The nature, therefore, of the Spirit is divine and personal. But what about His function? We learn from Scripture that He is the breath of life. In redemption, He applies the work accomplished by the Son and ordained by the Father. In this capacity, the Spirit proceeds from both the Father and the Son. He is directed by them to accomplish His tasks. This does not make the Spirit inferior any more than the Son, who is obedient to the Father, is inferior. Herman Bavinck writes, “The Holy Spirit sustains the same relation to Christ as does Christ to the Father. Just as the Son has nothing and does nothing and speaks nothing of Himself, but receives everything from the Father; in the same manner the Holy Spirit takes everything from Christ. As the Son declares and glorifies the Father, so the Holy Spirit declares and glorifies the Son.”

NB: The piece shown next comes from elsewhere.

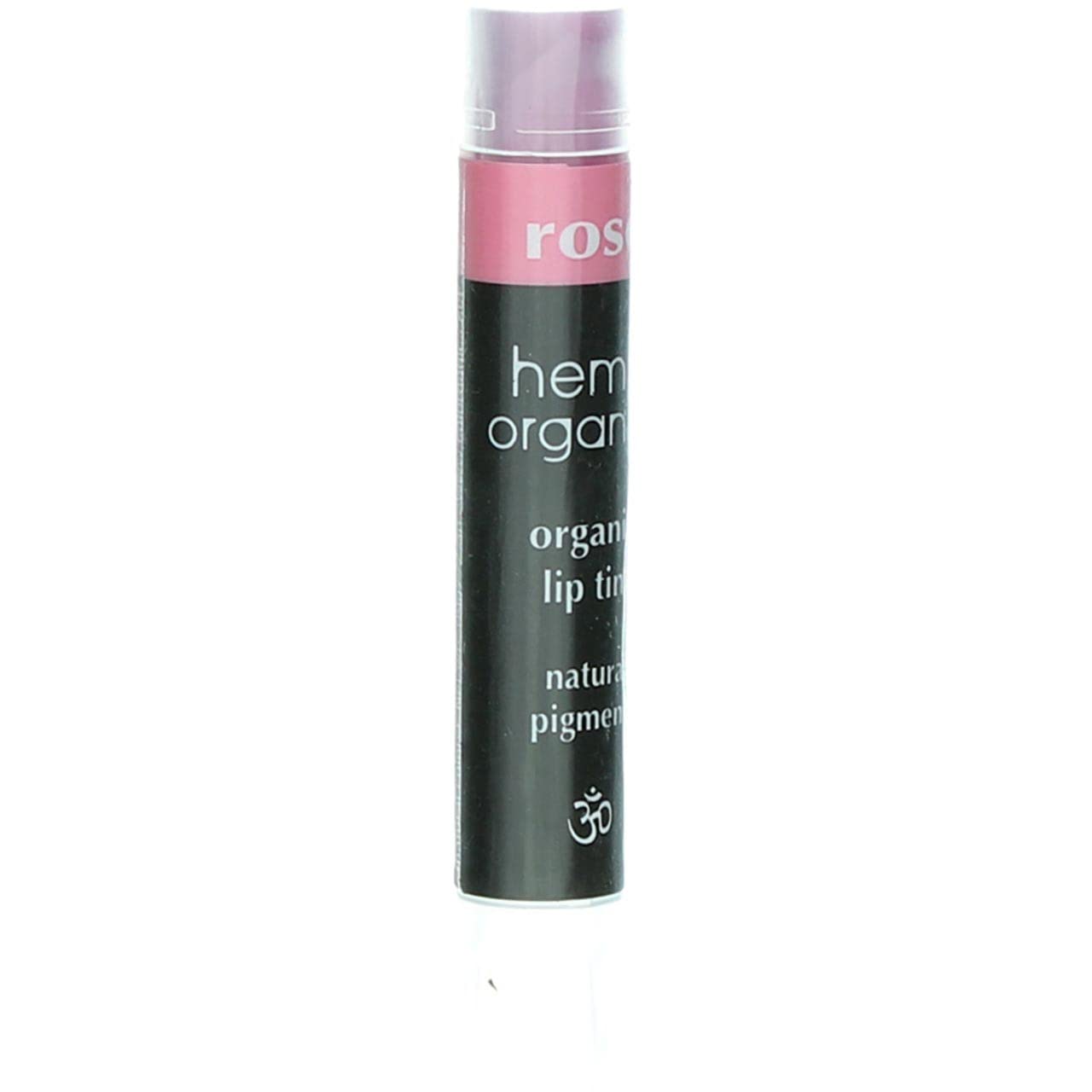 Organic Hemp Lip Tint in Rose - 0.09 oz | Natural Vegan Lip Balm for Hydration & Softness | Perfect for Daily Wear, Date Night & On-the-Go Touch Ups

We must remember, therefore, that the Spirit does nothing contrary to the Word. This holds significant implications as we implement the teaching of Christ in our lives. We can never say the Spirit wants us to do something contrary to what Christ has revealed in His written Word. To say this would be to divide that which is indivisible.

With New Age religion rampant today, a lot of people talk about a “force” that guides them. Some even refer to that force as the Holy Spirit. Why is it important to remember that the Holy Spirit is a person, not just a force of energy? Meditate on the truth that a personal being directs your life, not an impersonal force.